**Task objective:** Pictures must be dropped from the copy of the entries below; all else is returned exactly.

_____

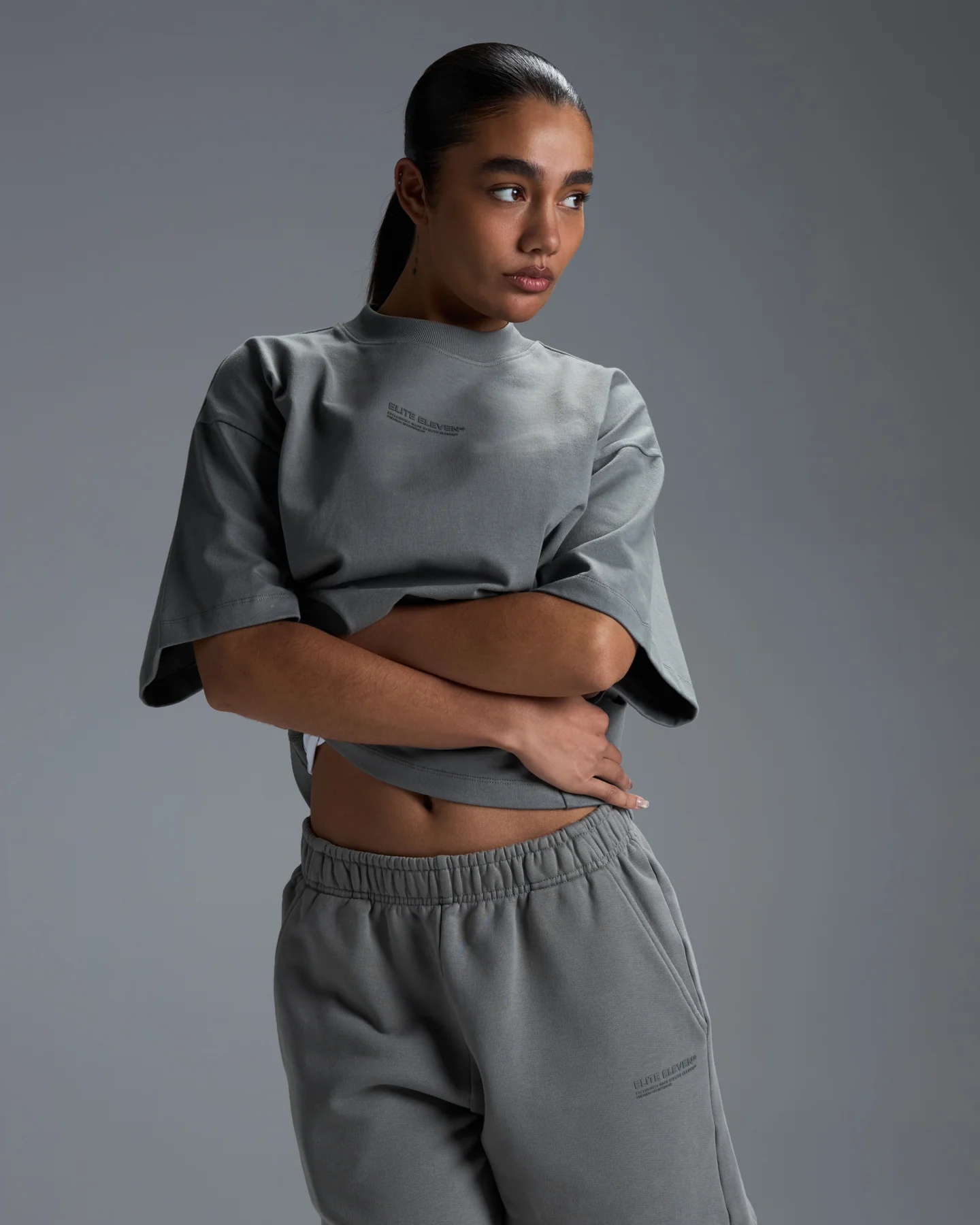 Women's Premium Oversized Cotton Boxy Tee - Fog Green - Image 3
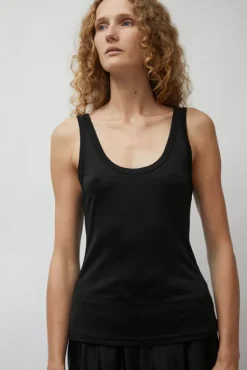 Jersey Scoop Tank in Black^No.6 Store Clearance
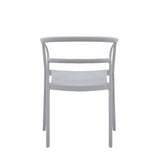 Silla para Exteriores Porto Gris 56x75.5cm Apilable con Apoya Brazos y con Espaldar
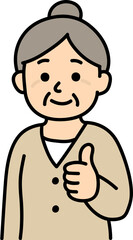 a grandmother who gives a thumbs up
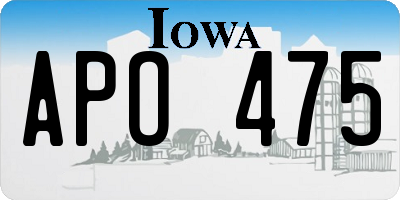 IA license plate APO475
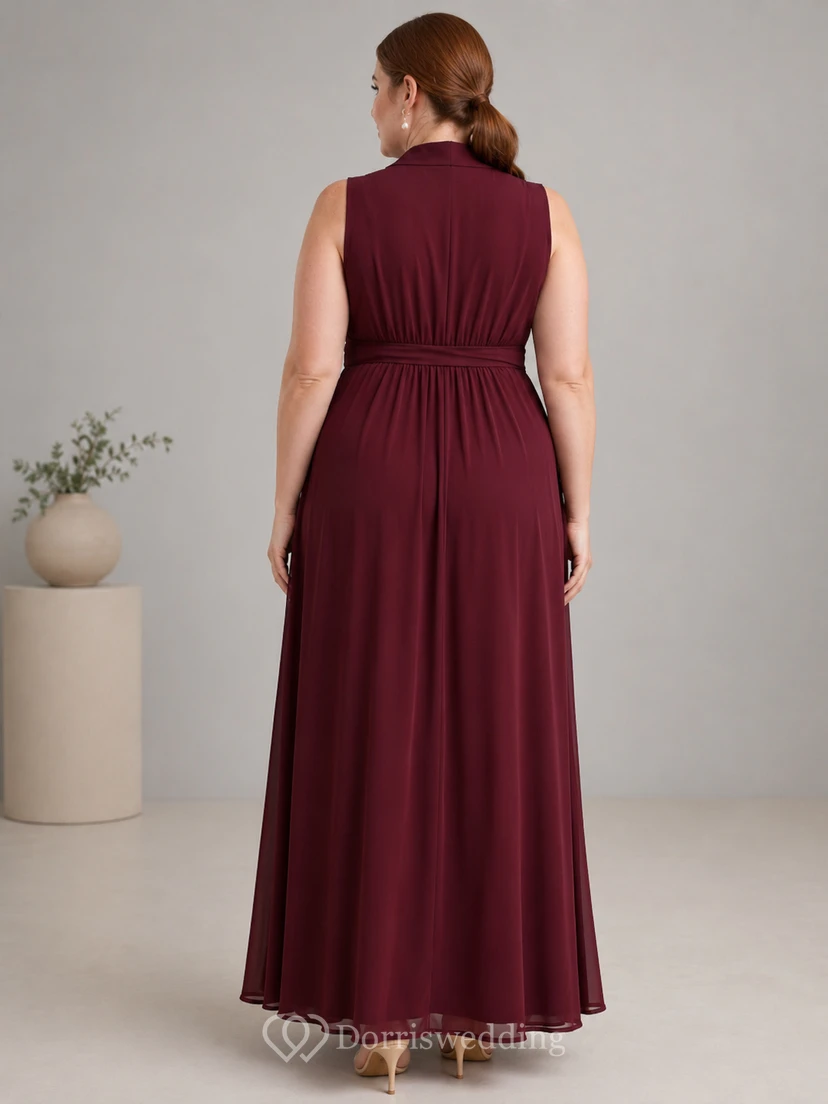 Burgunderfarbenes ärmelloses Wickelkleid in Übergröße für Umstandsmode (Maxi) view 2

_____

**Solved exercise:**
 Women's Premium Oversized Cotton Boxy Tee - Fog Green - Image 3
 Jersey Scoop Tank in Black^No.6 Store Clearance
 Silla para Exteriores Porto Gris 56x75.5cm Apilable con Apoya Brazos y con Espaldar
 a grandmother who gives a thumbs up
 IA license plate APO475
 Burgunderfarbenes ärmelloses Wickelkleid in Übergröße für Umstandsmode (Maxi) view 2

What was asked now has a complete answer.